Imagine the hassle of creating brand new identities for every action taken online. If privacy isn't dead, then it sure as hell is tough to maintain (and to do so would not be very practical).
I'm not sure I'll have the time to do this, but I've had some good results running Latent Semantic Analysis and Latent Dirichlet Allocation on a similar problem. In my case, I have data from people playing a negotiation game and having a conversation with a human actor. I have scores from a human judge going from 1 - 5. Using LDA on the transcriptions of the dialog I can predict the results of the human judge to a correlation of .5 There was a previous study with essay's a teacher grades that got .8 with LSA. The LSA study used a much larger training corpus outside the individuals.
For slightly more details, here's a sketch of the algorithm:
Treat each comment as a "document" input to LDA. Use the theta matrix that represents the distribution of topics over each document. Then use the inverse dot product between two document theta vectors and perform k Nearest Neighbors to predict IDs. You should be able to tune the rank and k values from all the labelled data.
When it comes time to infer I suggest running the with the whole set through LDA instead of reusing the discovered alpha and beta. For some reason (which I'm not entirely sure of), my results seem much better that way.
Simple psychology would lead me to guess that it is you Jacques. If I wanted to tell how easy it was to identify an anonymous comment, then I'd make one. I'd then publicise it, and challenge other people to crack it.
Looking at how quickly you commented after OTToken and when he commented how quickly you responded, I could see why someone would think it was you. Just like the yahoo answers "questions" that are obviously setups because they are answered 1minute after asked.
Assuming it's not you, we have another area of comparison that is being overlooked. Besides OTToken's text patterns we also have when the comments were left. So we can throw out certain people that never comment during the hours of the day that OTToken did.
Also OTToken is obviously familiar with HN and has an alternative account by his own implication. Likely he was reading/commenting on HN then decided to make the account. OTToken made multiple comments over two hours so we could also try and pick people who's comments adjoin that timeframe. Specifically people who made comments in advance of OTTokens comments, but not at the same time.
He can switch accounts to make alternative comments, but it's unlikely he was making comments from two separate accounts simultaneously.
> Besides OTToken's text patterns we also have when the comments were left. So we can throw out certain people that never comment during the hours of the day that OTToken did.

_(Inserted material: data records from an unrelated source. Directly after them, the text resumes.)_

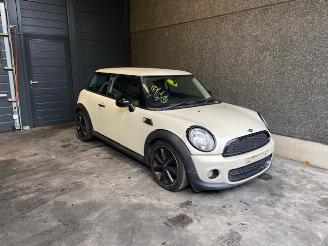 Vrakbiler auto Mini One R56 1600 Diesel 2013/1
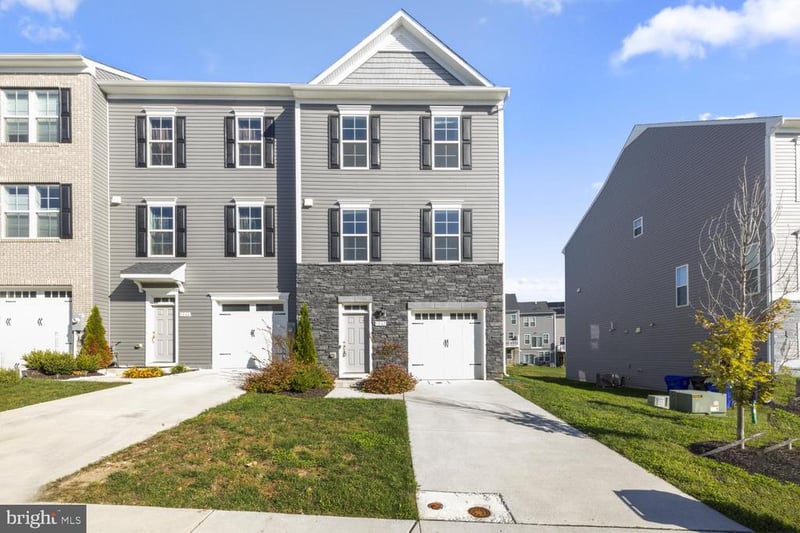 1042 Highpoint Trl, Laurel, MD 20707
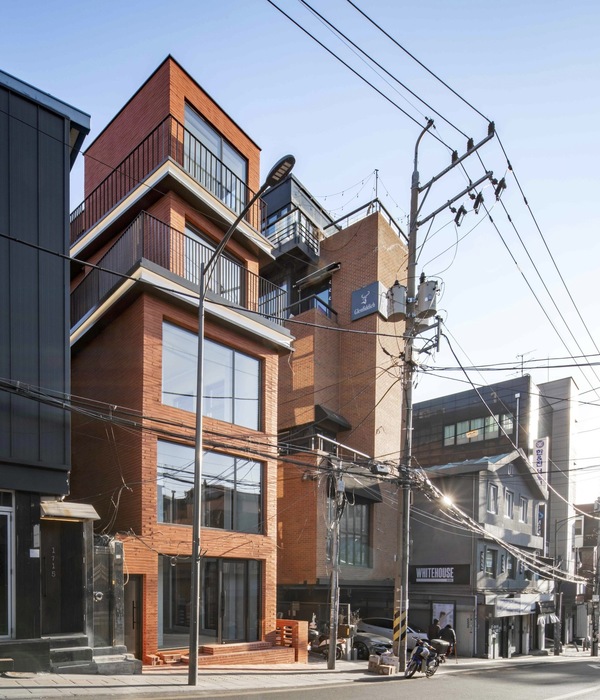 Na-bom Building / Donggarm Architecture, Inc.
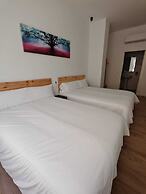 Bilbao ROOMS & KITCHEN Altube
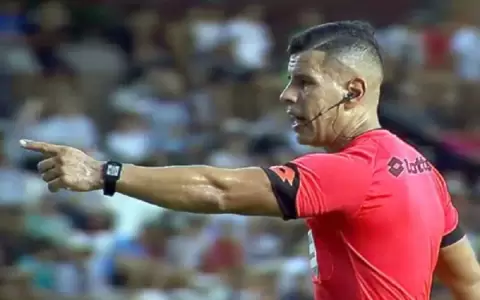 Las autoridades de la fecha 7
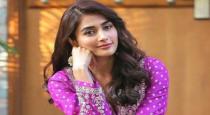 actress-poojahegde-latest-photo-FTCES5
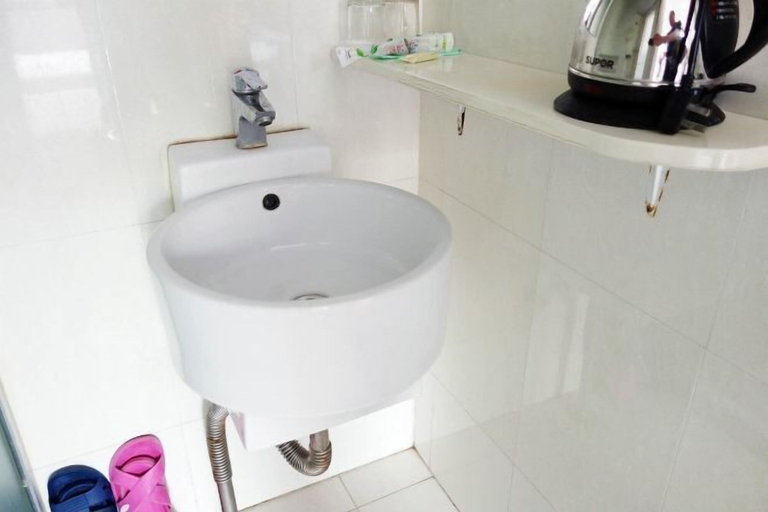 Bathroom 3, Dongxiang Hostel, Shanghai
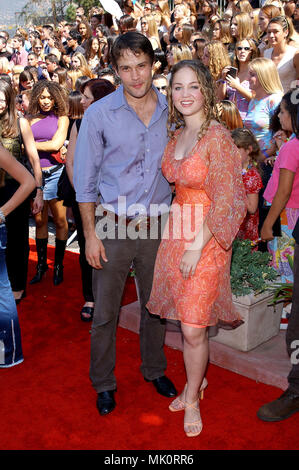 Erika Christensen - Trafic - et Samuel Ball arrivant aux Teen Choice Awards 2001 à l'Amphithéâtre Universal Studio à Los Angeles Dimanche 12 août 2001 © BallSam - Tsuni ChristensenErika01 JPGChristensenErika BallSam01.événement dans la vie d'Hollywood, Californie - Red Carpet Event, Vertical, USA, Cinéma, Célébrités, photographie, Bestof, Arts, Culture et divertissement, Célébrités Topix fashion / du tapis rouge-, Vertical, Best of, Hollywood la vie, événement dans la vie d'Hollywood, Californie - Tapis Rouge , USA, industrie du film, Célébrités, cinéma, télévision ce Banque D'Images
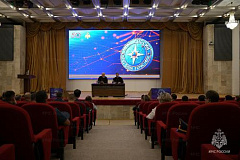 Сотрудники московского управления МЧС России посетили лекцию по духовно-нравственному воспитанию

Also, if you could check my comment history (which you can't because it seems to time out on HNs server) you'd see that my comment speed is usually fairly quick in threads where I'm active.
This is merely a naive guess. He's the only other user on hacker news (according to Google) to use the term "people search engines". He also seems to have been working in the data mining business.
From a quick look at his comments, he seems to match the other heuristics seasoup mentions in that thread: meticulously correct spelling, grammar, and punctuation, use of semicolons, and use of dashes.
He also seems to comment heavily on technical issues - programming languages, database technologies, so it might make sense for him to feel heavy non-tech opinions deserve a onetimetoken. Similarly reasoned, the sentiment of "privacy is dead, there is only identity management" seems to be a realization appropriate for someone who recently started working on YC-funded companies. Seem convincing to me, but since they're all reverse-justifications, probably best to take them with a grain of salt: you might be able to draw similar conclusions combing through many other comment histories.
Interesting that this "human [powered] search engine" style of identification might have been faster than devising a machine heuristic.
Yeah it's almost crowd sourced. Reminds me of when the cops put a letter or riddle from a serial killer in the newspaper figuring someONE out there will recognize it, as opposed to a computer recognizing it. Or maybe that just happens in the movies.
To be incredibly picky: Meticulously correct grammar would join "privacy is dead" and "there is only identity management" with a semicolon, dash, or conjunction -- or just split it into two sentences. ;)
I am concerned with online privacy, but not to the extent as "onetimetoken" (my FB profile is globally viewable). Also my comments are usually short, and I avoid big generalizations.
Looking at the thread in question, though, I'd definitely guess jgrahamc.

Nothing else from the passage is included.